トキシックショック症候群(TSS)―症状・原因・対策
トキシックショック症候群(TSS)とは
トキシックショック症候群(TSS)は、毒素を産生する細菌によって引き起こされる稀ながら致命的な感染症です。主に黄色ブドウ球菌(Staphylococcus aureus)が原因ですが、連鎖球菌(Streptococcus pyogenes)でも起こります。
主な症状
- 高熱(39℃以上)
- 寒気
- 日焼けのような広範囲の発疹
- 吐き気・嘔吐
- 下痢
- 筋肉痛・関節痛
- 頭痛
- 意識障害(混乱、めまい)
- 痙攣
- ショック状態
リスク要因
TSSは以下のような状況で発症しやすくなります。
- 術後や創傷感染がある場合
- タンポンの長時間使用や月経異常
- 静脈内薬物使用(IVドラッグ)
- 免疫力が低下している場合
治療法
TSSは緊急性が高く、速やかな医療介入が必要です。
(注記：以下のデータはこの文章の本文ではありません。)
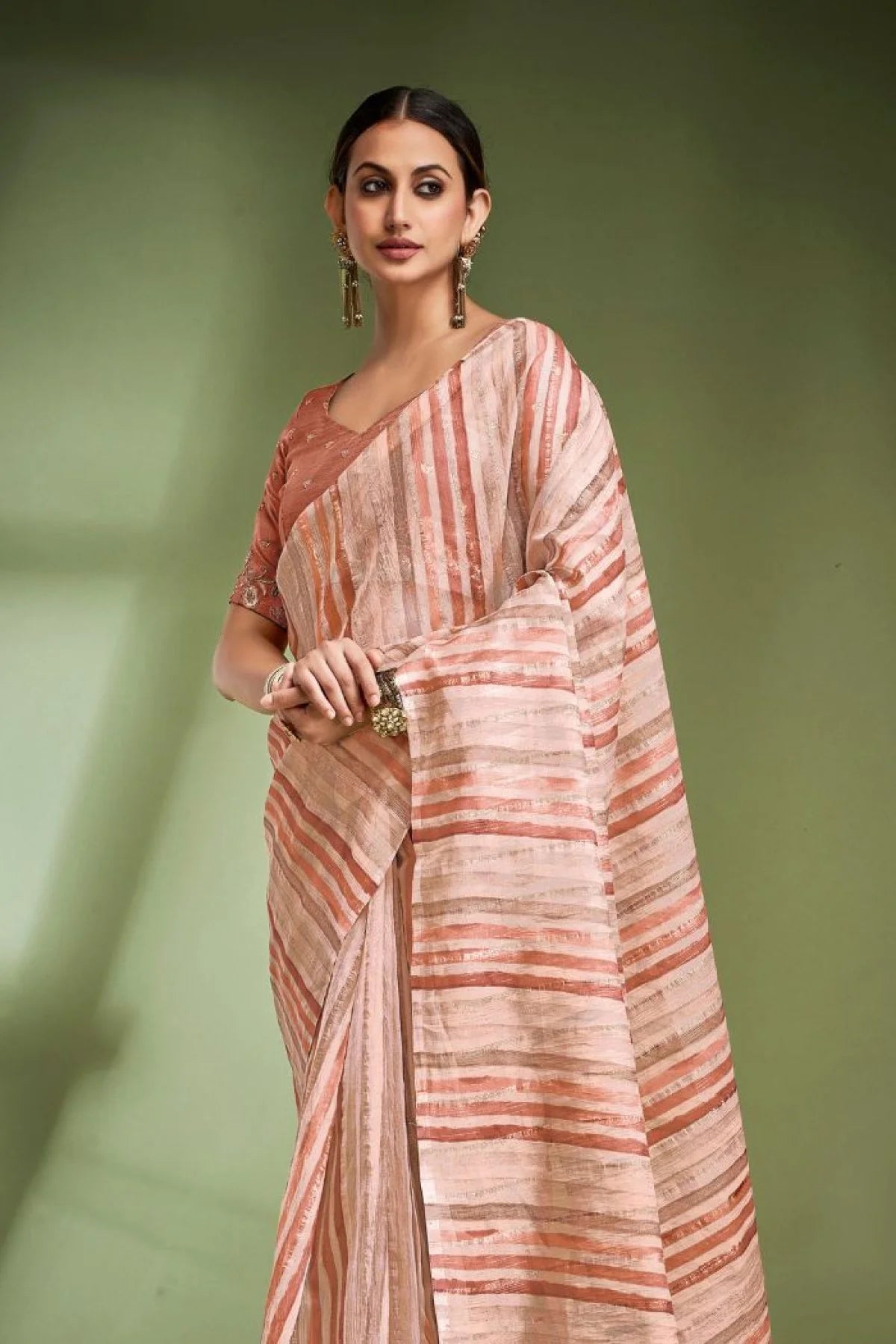 Tissue Based Crushed Wedding Saree with Contrast Hand Work Designer Blouse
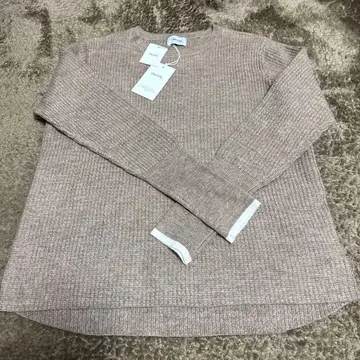 미사용 새상품 택 포함 SOMETHING 니트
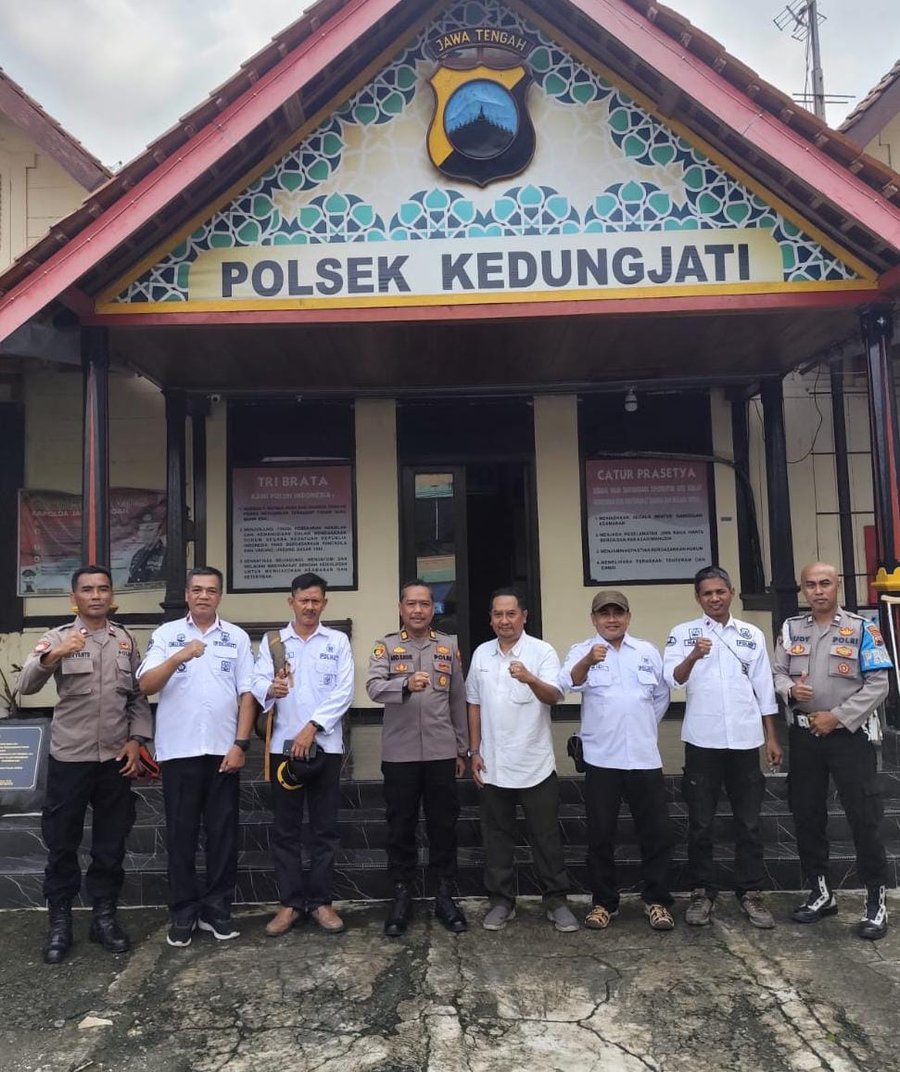 Perkuat Pengamanan Hutan Jelang Nataru Perhutani Kph Semarang Intensif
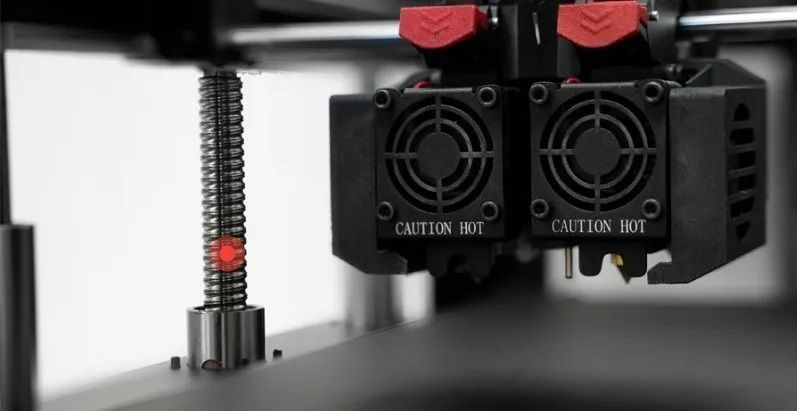 3D принтер Raise3D Pro3 Plus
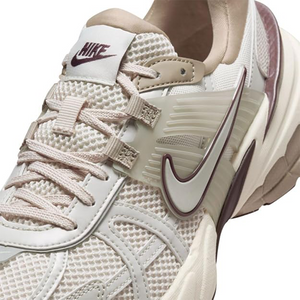 Nike V2k Run Sneaker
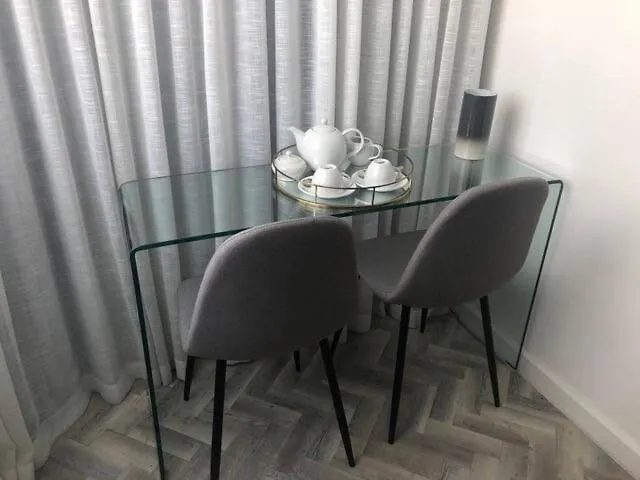 City Centre Studio With Patio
主な治療は次の通りです。
- 細菌を殺す抗生物質の投与
- 血圧や臓器機能を維持するための点滴
- 呼吸状態を改善する酸素療法
- 血中の毒素を除去する透析
- 感染組織を除去する外科手術
予防策
完全に防げる方法はありませんが、リスクを下げるために以下を心がけましょう。
- 皮膚を清潔に保ち、傷や擦過傷を放置しない
- タンポンは使用しないか、2〜4時間ごとに交換する
- 静脈内薬物は使用しない
- 月経用品は清潔に扱い、使用前後に手を洗う
- 創傷感染が疑われたら速やかに医師の診察を受ける
上記の症状が現れたら、すぐに医療機関を受診してください。TSSは迅速な治療が生死を分けます。